* _GIVEN RECORDS_
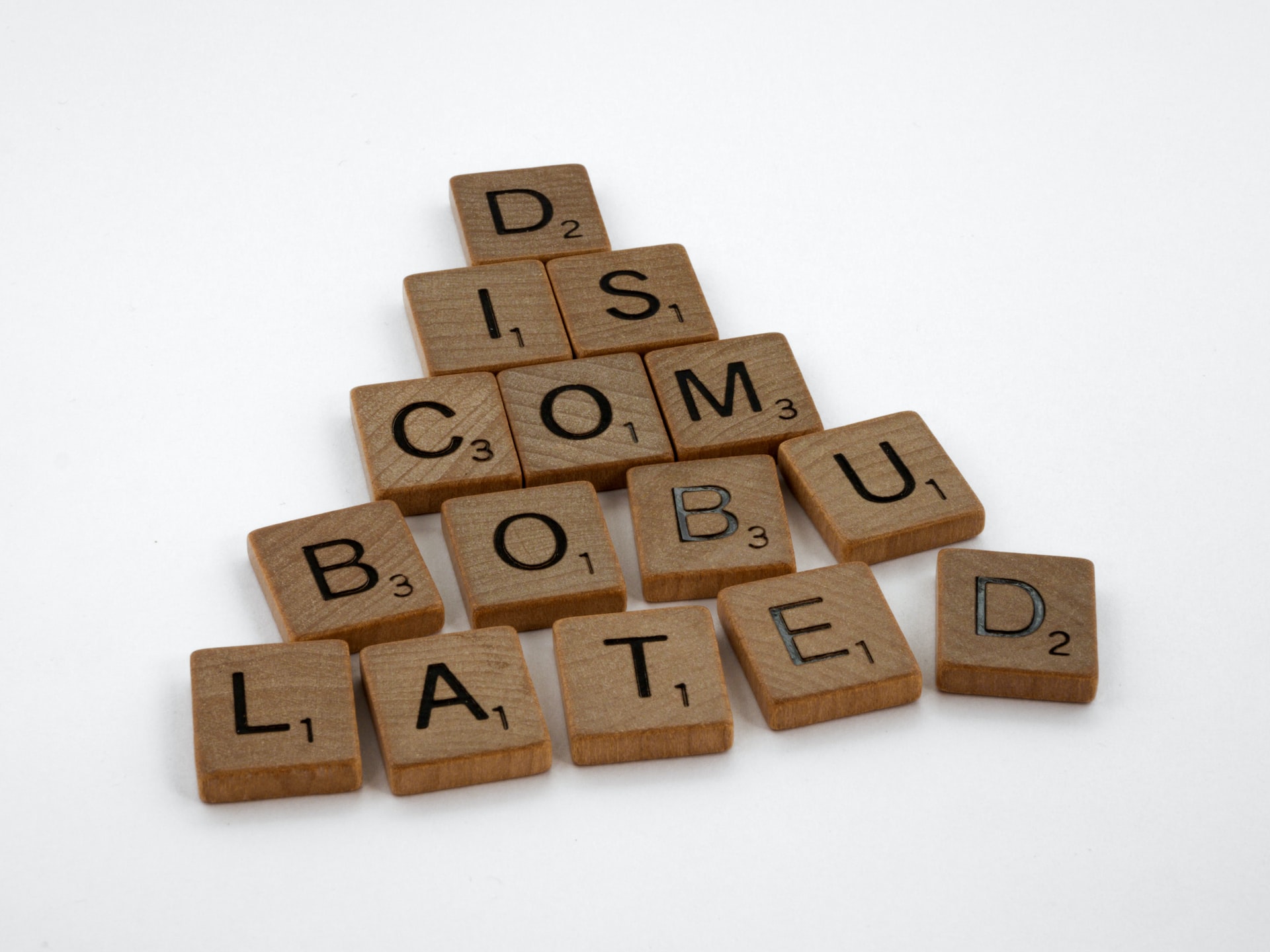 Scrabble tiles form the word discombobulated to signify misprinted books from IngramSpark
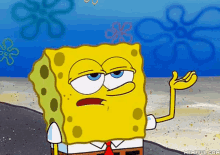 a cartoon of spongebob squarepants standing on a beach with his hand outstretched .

* * *

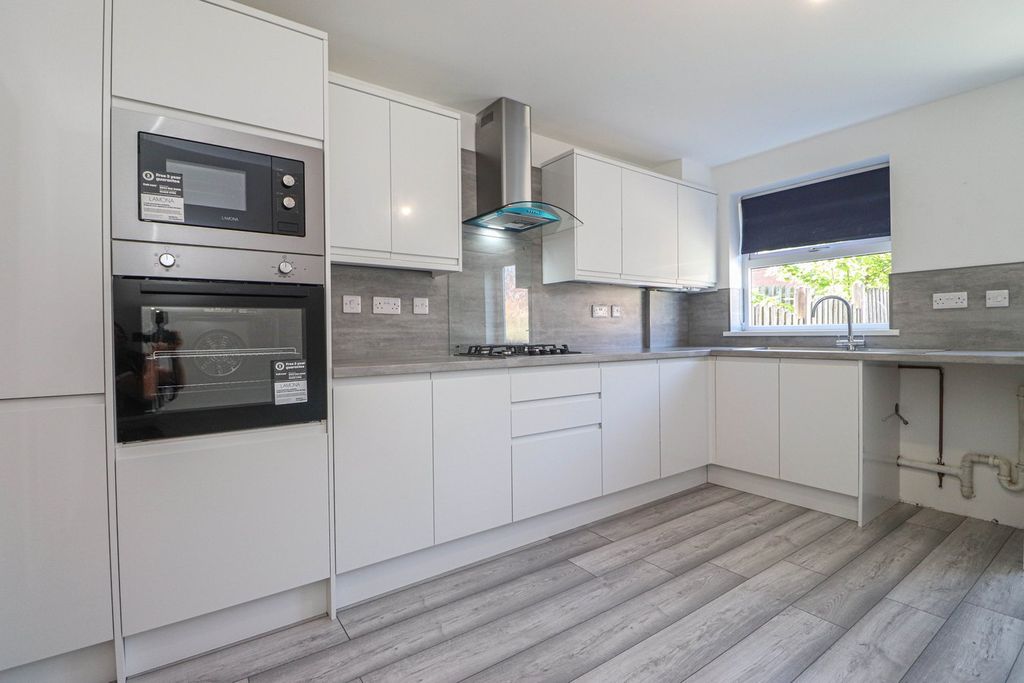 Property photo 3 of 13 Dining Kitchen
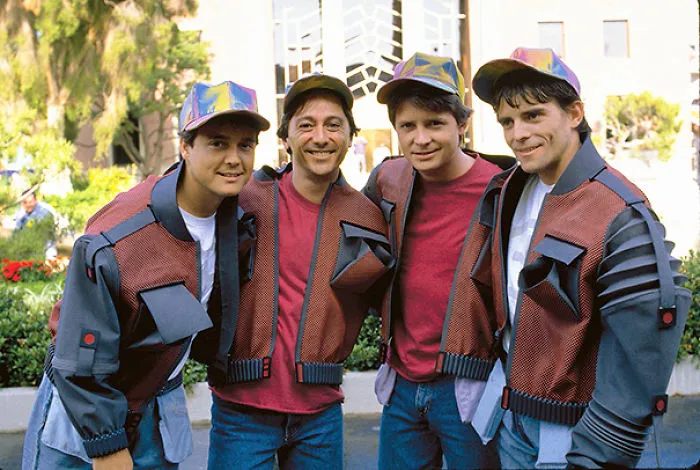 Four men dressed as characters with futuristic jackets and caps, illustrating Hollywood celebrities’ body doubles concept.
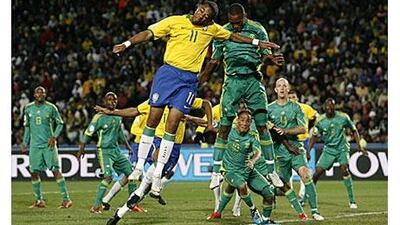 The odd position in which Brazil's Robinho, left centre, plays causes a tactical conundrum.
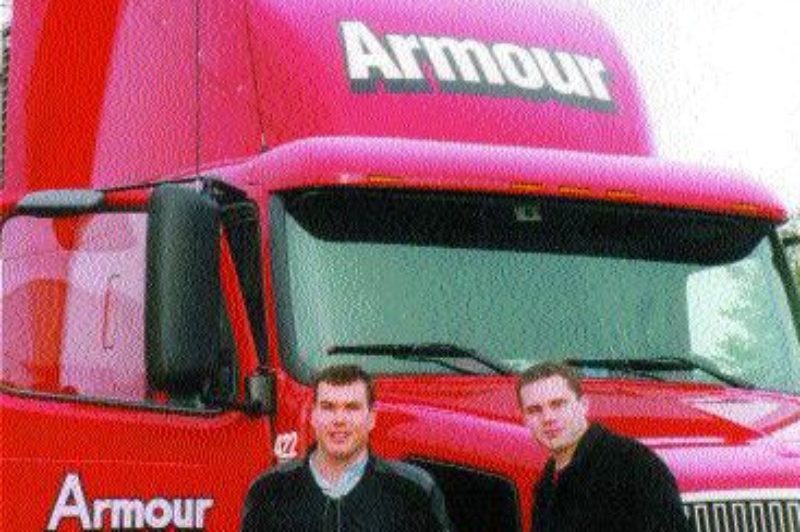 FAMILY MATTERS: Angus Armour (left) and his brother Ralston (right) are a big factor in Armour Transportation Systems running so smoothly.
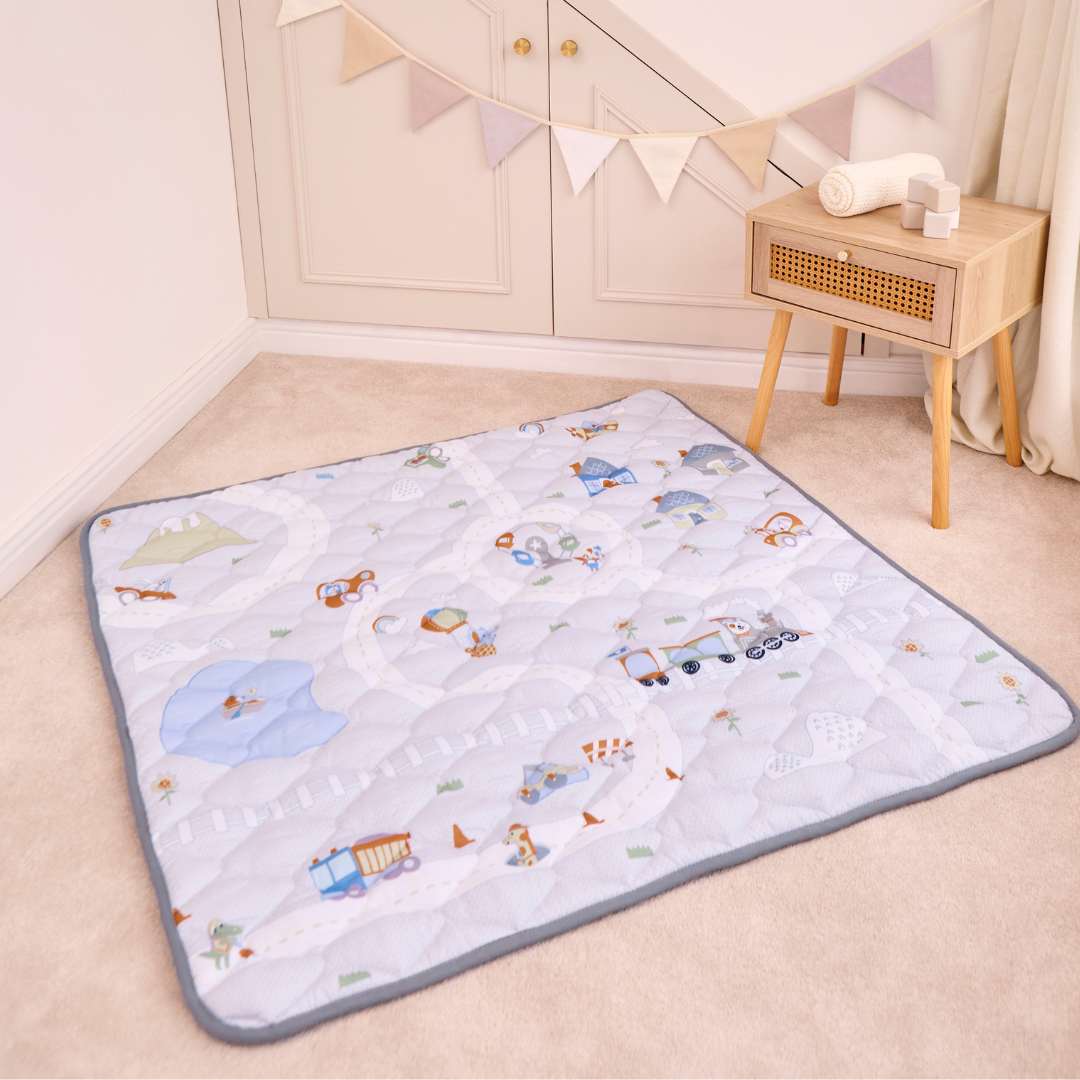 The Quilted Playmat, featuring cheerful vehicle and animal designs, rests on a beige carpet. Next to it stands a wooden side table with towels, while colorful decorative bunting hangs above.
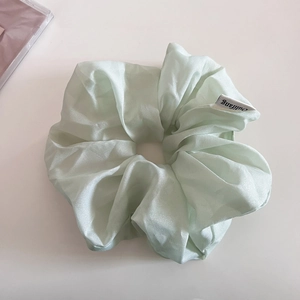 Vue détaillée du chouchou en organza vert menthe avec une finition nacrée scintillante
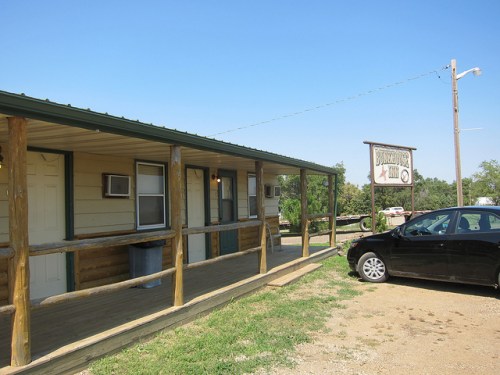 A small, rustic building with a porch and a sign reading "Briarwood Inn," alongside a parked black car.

---

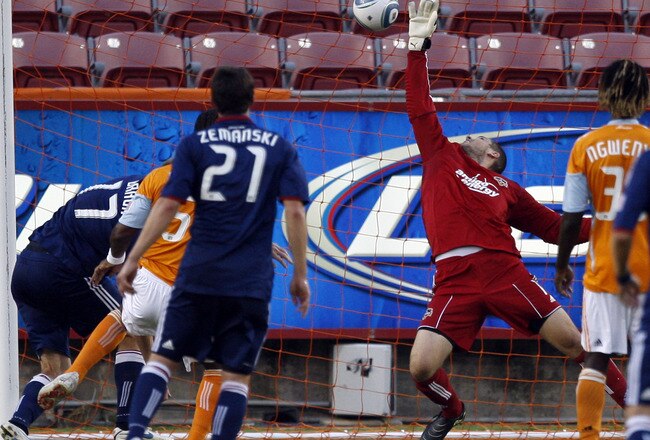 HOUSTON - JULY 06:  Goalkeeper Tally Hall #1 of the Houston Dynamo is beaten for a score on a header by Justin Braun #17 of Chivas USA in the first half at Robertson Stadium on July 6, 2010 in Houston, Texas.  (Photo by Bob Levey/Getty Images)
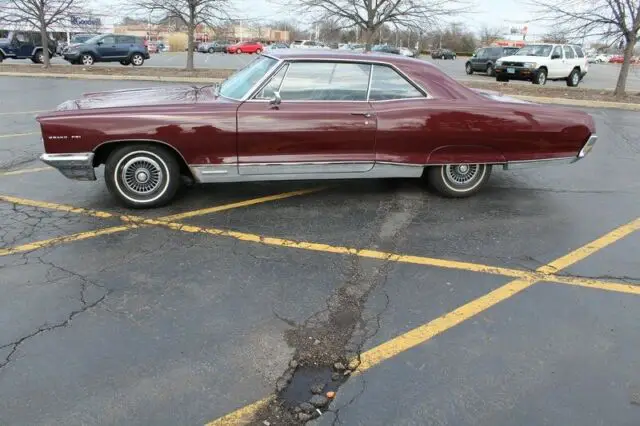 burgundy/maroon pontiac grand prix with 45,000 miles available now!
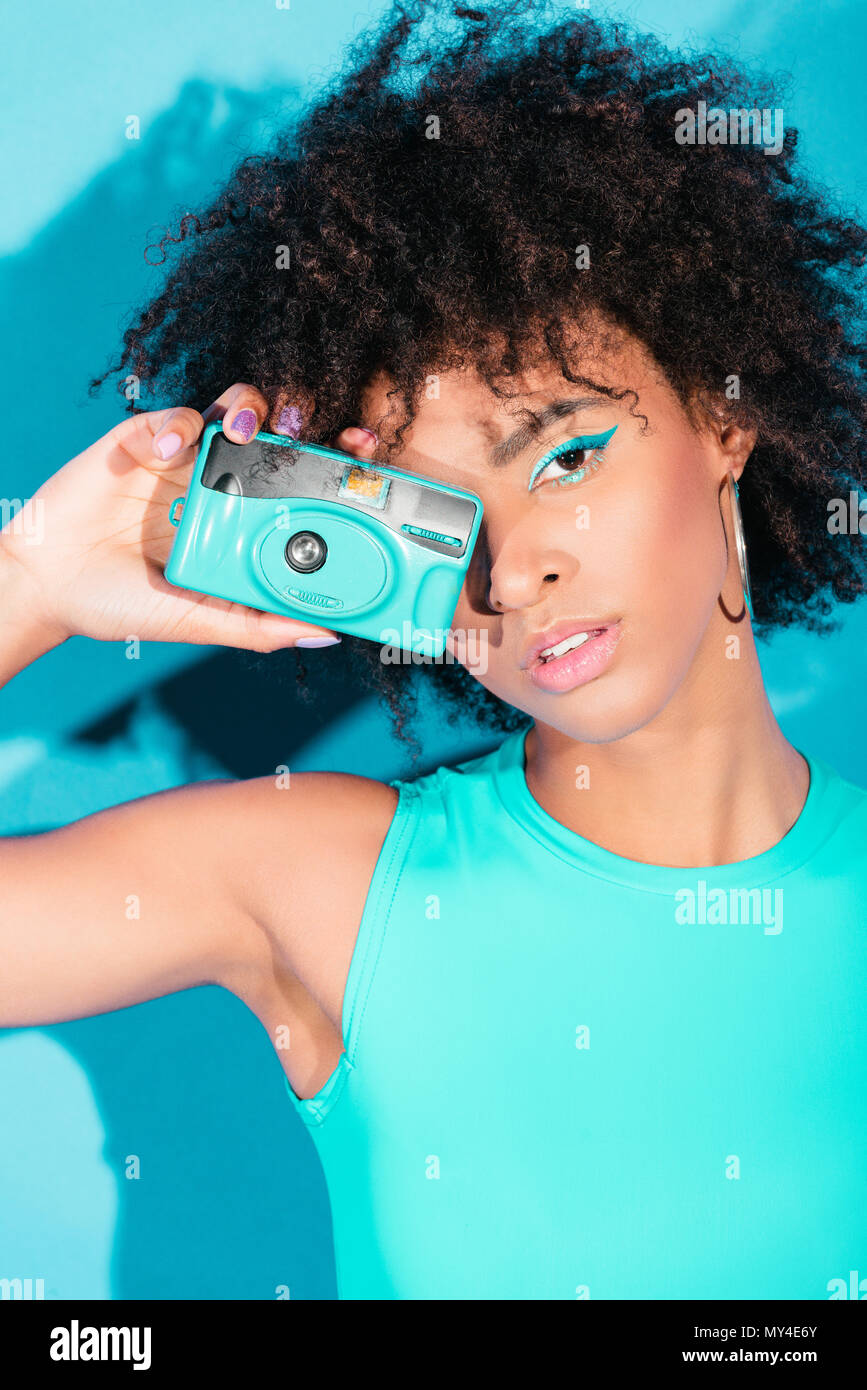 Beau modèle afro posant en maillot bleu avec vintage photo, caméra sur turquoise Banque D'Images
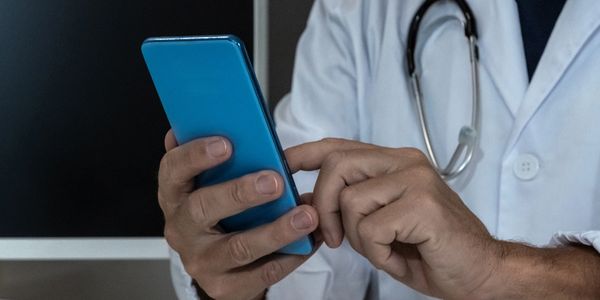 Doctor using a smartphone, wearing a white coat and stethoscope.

* _ACTIVITY_
Would you copy the lines above exactly, starting with the one that has "Four men dressed" and ending with the one that has "FAMILY MATTERS: Angus", both included, without the pictures?

* _RESULT_
 Four men dressed as characters with futuristic jackets and caps, illustrating Hollywood celebrities’ body doubles concept.
 The odd position in which Brazil's Robinho, left centre, plays causes a tactical conundrum.
 FAMILY MATTERS: Angus Armour (left) and his brother Ralston (right) are a big factor in Armour Transportation Systems running so smoothly.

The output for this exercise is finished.